**Task prompt**
Write the data out again exactly, with no pictures.

**Collected data**

****************

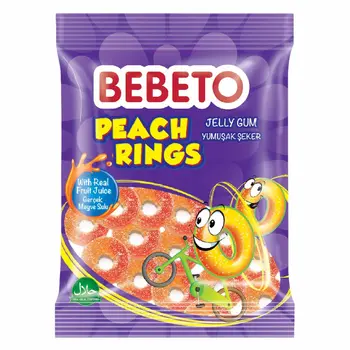 Bebeto Peach Rings Jelly Candy 80g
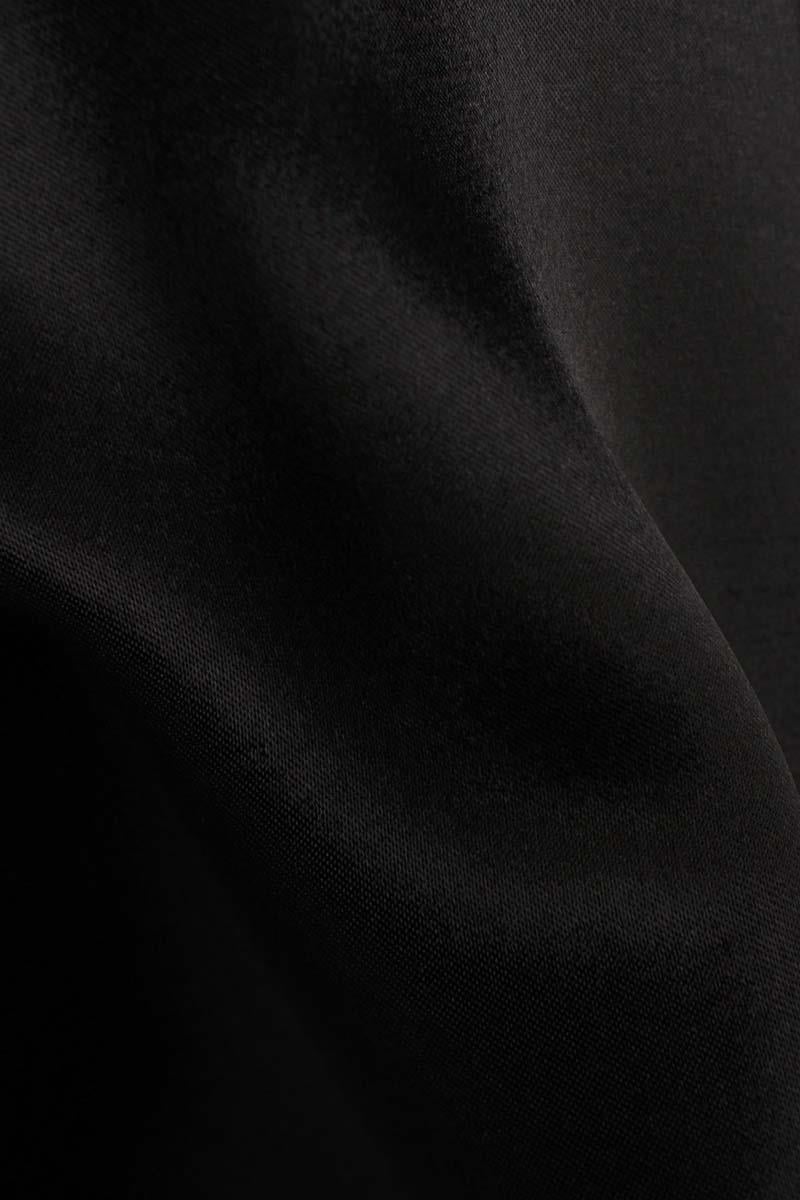 Black-Made Collar Shirt Tunic with Slits on the Sides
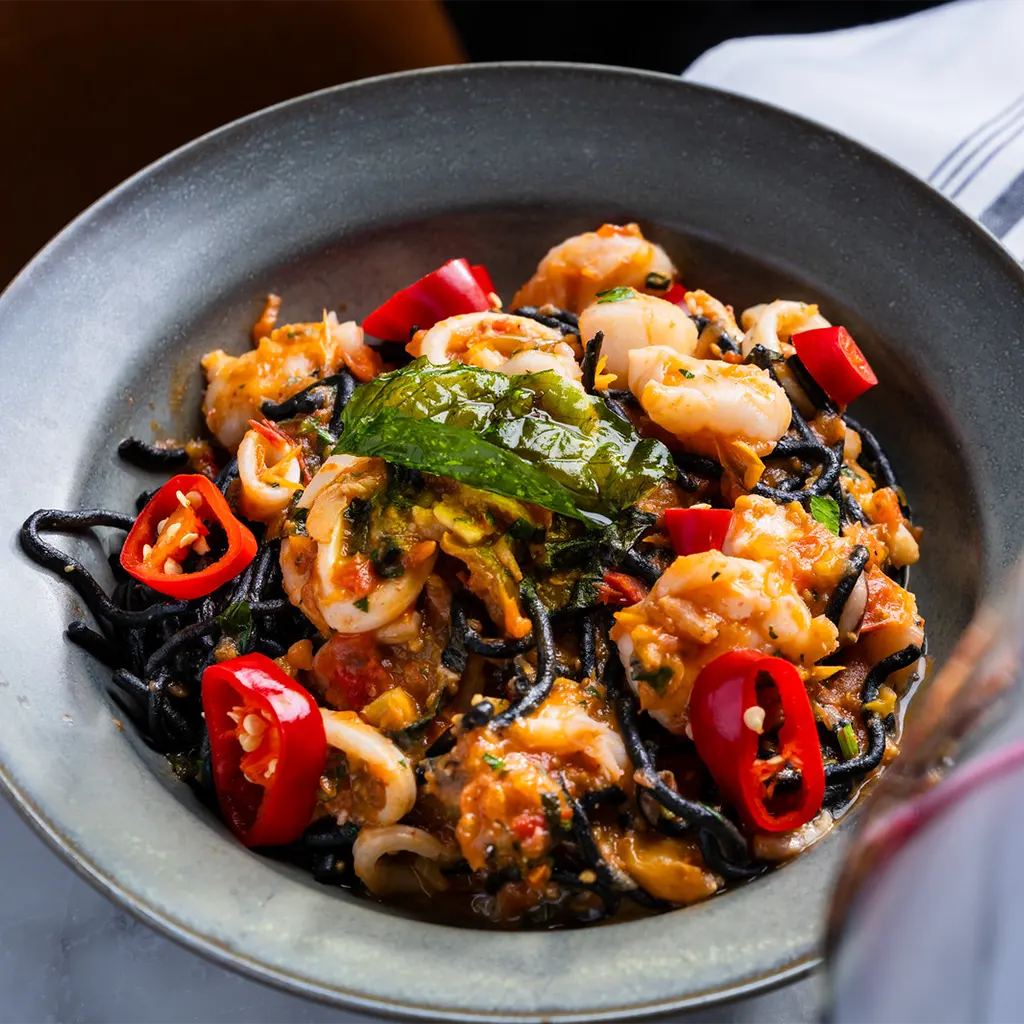 Squid ink pasta at Salt & Vine Olney, MD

****************

**Problem solution**
 Bebeto Peach Rings Jelly Candy 80g
 Black-Made Collar Shirt Tunic with Slits on the Sides
 Squid ink pasta at Salt & Vine Olney, MD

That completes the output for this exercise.